NVIDIA® NVSHMEM 3.5.21 Release Notes#

NVSHMEM is an implementation of the OpenSHMEM specification for NVIDIA GPUs. The NVSHMEM programming interface implements a Partitioned Global Address Space (PGAS) model across a cluster of NVIDIA GPUs. NVSHMEM provides an easy-to-use interface to allocate memory that is symmetrically distributed across the GPUs. In addition to a CPU-side interface, NVSHMEM provides a NVIDIA® CUDA® kernel-side interface that allows CUDA threads to access any location in the symmetrically-distributed memory.

The release notes describe the key features, software enhancements and improvements, and known issues for NVSHMEM 3.5.21 and earlier releases.

Key Features and Enhancements#

This NVSHMEM release includes the following key features and enhancements:

  • Fixed a bug that was related to ABI compatibility breakage for the internal team structure.

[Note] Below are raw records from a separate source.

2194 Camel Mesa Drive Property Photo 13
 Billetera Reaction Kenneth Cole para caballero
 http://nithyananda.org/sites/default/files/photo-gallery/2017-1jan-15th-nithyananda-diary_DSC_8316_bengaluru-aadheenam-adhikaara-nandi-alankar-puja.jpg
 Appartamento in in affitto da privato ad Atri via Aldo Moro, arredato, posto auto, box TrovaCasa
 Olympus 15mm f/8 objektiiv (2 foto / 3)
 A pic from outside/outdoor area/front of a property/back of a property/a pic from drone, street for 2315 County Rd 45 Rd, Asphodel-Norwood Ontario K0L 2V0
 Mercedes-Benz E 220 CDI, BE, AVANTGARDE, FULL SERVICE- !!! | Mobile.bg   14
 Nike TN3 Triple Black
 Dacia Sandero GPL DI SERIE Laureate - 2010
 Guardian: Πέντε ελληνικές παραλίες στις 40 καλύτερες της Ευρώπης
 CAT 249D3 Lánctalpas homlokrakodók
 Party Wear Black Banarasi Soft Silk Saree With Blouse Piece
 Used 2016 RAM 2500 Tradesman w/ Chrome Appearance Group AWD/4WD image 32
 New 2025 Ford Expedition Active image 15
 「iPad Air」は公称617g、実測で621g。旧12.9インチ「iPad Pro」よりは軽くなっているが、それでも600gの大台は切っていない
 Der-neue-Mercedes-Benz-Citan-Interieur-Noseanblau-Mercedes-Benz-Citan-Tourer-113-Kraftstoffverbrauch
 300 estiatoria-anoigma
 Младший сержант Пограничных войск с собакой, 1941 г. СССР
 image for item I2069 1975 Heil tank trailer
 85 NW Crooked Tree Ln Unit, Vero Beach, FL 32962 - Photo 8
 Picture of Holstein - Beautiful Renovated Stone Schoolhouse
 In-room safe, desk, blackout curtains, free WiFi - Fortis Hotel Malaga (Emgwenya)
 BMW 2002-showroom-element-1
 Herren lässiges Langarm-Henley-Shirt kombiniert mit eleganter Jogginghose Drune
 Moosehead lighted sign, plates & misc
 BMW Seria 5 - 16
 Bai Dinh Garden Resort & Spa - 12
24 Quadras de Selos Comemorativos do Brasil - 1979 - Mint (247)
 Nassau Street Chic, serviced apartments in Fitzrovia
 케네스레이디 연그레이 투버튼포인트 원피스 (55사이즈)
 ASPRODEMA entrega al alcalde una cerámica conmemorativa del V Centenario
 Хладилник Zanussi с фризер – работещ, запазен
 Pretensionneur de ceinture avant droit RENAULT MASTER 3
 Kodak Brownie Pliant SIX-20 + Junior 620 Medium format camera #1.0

NVSHMEM4Py release 0.2.2 includes the following:

  • Removed an incorrect assumption that any NVSHMEM4Py-managed buffers will have at most one child buffer (peer or multicast)

Compatibility#

NVSHMEM 3.5.21 has been tested with the following:

NCCL:

  • 2.28.3

CUDA Toolkit:

  • 12.4

  • 12.9

  • 13.0

  • 13.1

CPUs:

  • x86 and NVIDIA Grace™ processors

GPUs:

  • NVIDIA Ampere A100

  • NVIDIA Hopper™

  • NVIDIA Blackwell

Limitations#

Same as 3.5.19

Known Issues#

  • The internal layout of RC-connected QPs changed starting in 3.5.19 causing ABI compatibility breakage when enabling IBGDA.